Greptile's TREX pushes AI code review past reading diffs

wpnews.pro

Greptile, founded by Daksh Gupta, Soohoon Choi, and Vaishant Kameswaran, launched TREX, an execution layer for AI code review that runs pull request code and attaches artifacts to the review instead of only commenting on the diff.

The launch, detailed in a June 15 Greptile blog post, is Greptile's clearest move yet from AI reviewer to automated validation system. Two days later, Greptile engineer Shlok Mehrotra published a technical engineering post explaining how TREX was built: the main Greptile reviewer reads the diff, identifies behavior worth testing, and spins up parallel TREX subagents that run code in sandboxed environments. Those subagents return comments backed by logs, screenshots, API traces, execution scripts, and, for UI changes, video.

That distinction matters because most AI code review tools are still structurally close to the human ritual they are replacing: read the patch, infer risk, and leave a comment. Greptile is arguing that the next bottleneck is not review speed. It is proof. As AI coding agents increase the amount of code entering repositories, the valuable reviewer is the one that can show what happened when the code ran.

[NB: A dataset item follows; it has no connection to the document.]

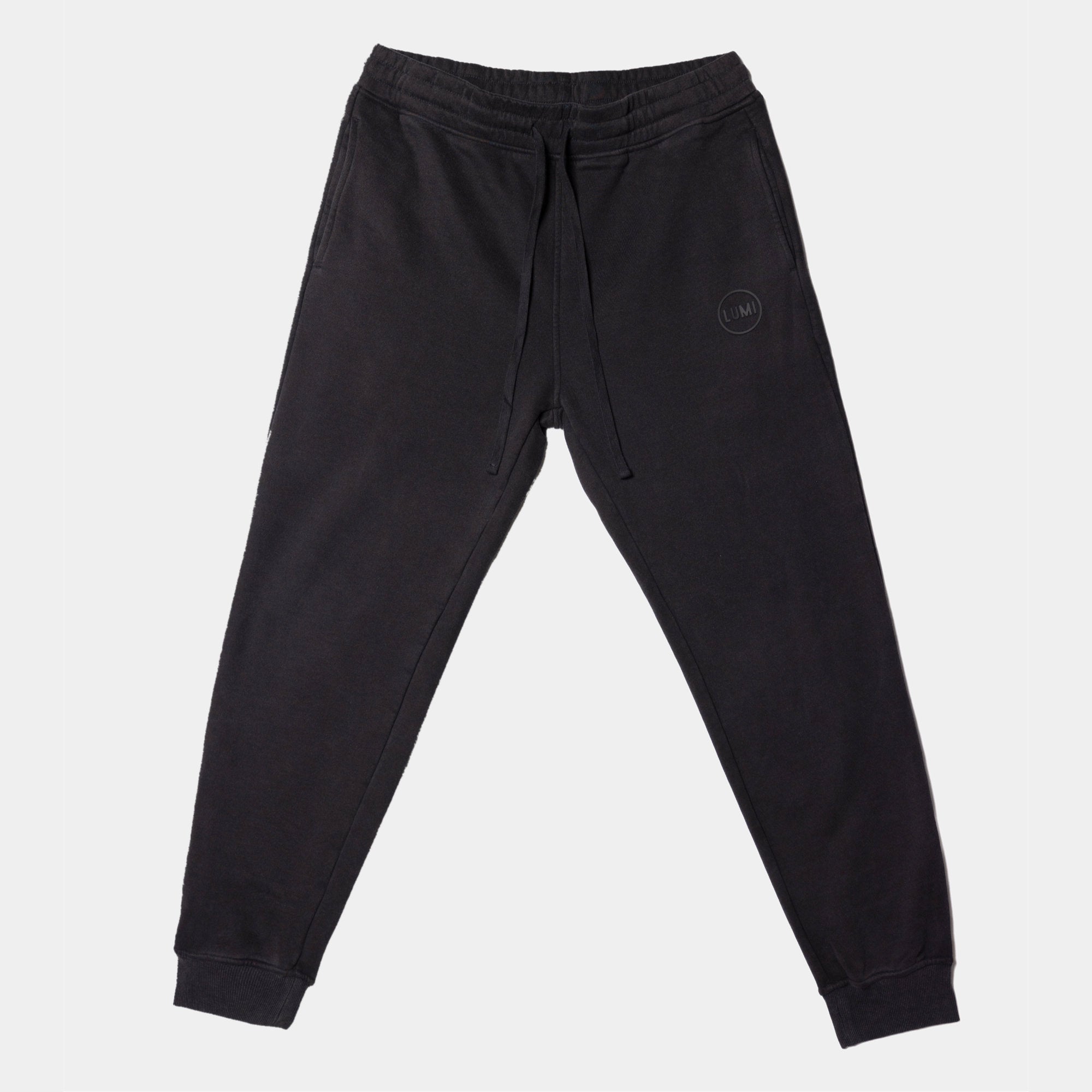 Men's LUX Sweatpants Black Wash featuring relaxed-fit design in black wash cotton-polyester blend, with elasticated waistband, cuffed ankles, and subtle raised rubber LUMI logo on leg. Displayed flat against white background showcasing full-length view.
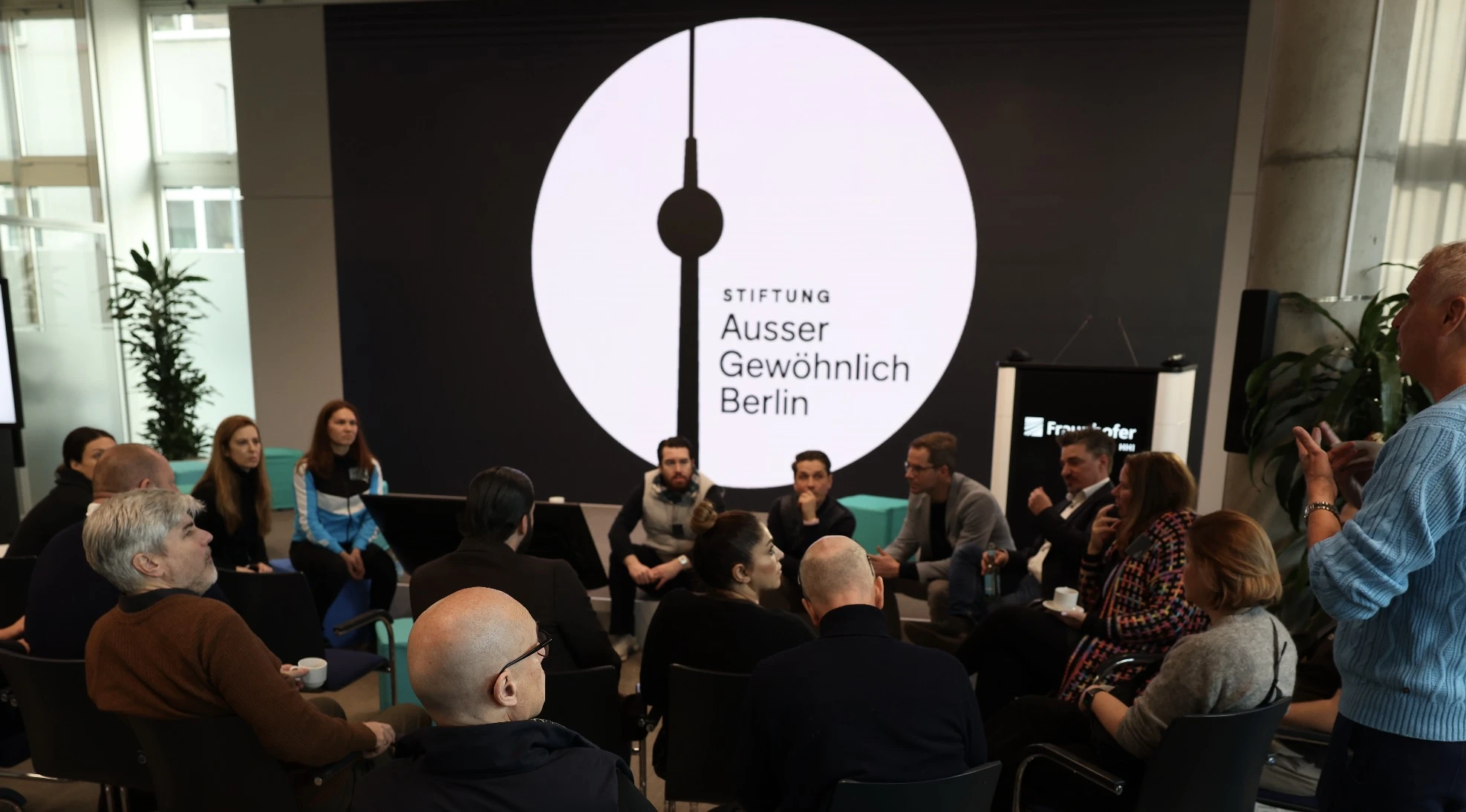 Menschen im Gesprächskreis bei einem Salon, vor dem großen Logo der Stiftung AusserGewöhnlich Berlin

The founder bet is validation, not review

Greptile came out of the Georgia Tech ecosystem and participated in CREATE-X; it later joined Y Combinator's Winter 2024 batch. By January 2026, the Georgia Tech News Center reported the company had more than 2,000 customers.

The origin story explains why TREX is more than a feature toggle. Greptile began as a product for understanding codebases; the market has since moved toward agents that write, review, and ship code. That shift changes what a review product has to prove. A model can read a diff and infer that a page might break. A validation layer has to open the page, exercise the path, and show the evidence.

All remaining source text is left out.